WHAT YOU HAVE TO DO: A verbatim copy of the lines from the one with "Cockapoo dogs for" through the final line below is required; print it and nothing else.

SUPPLIED DATA: Begin

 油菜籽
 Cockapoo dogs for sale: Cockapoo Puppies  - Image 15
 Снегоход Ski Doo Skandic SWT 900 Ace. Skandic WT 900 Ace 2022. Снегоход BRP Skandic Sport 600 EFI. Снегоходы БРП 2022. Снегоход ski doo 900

SUPPLIED DATA: End

ANSWER TO THIS TASK:
 Cockapoo dogs for sale: Cockapoo Puppies  - Image 15
 Снегоход Ski Doo Skandic SWT 900 Ace. Skandic WT 900 Ace 2022. Снегоход BRP Skandic Sport 600 EFI. Снегоходы БРП 2022. Снегоход ski doo 900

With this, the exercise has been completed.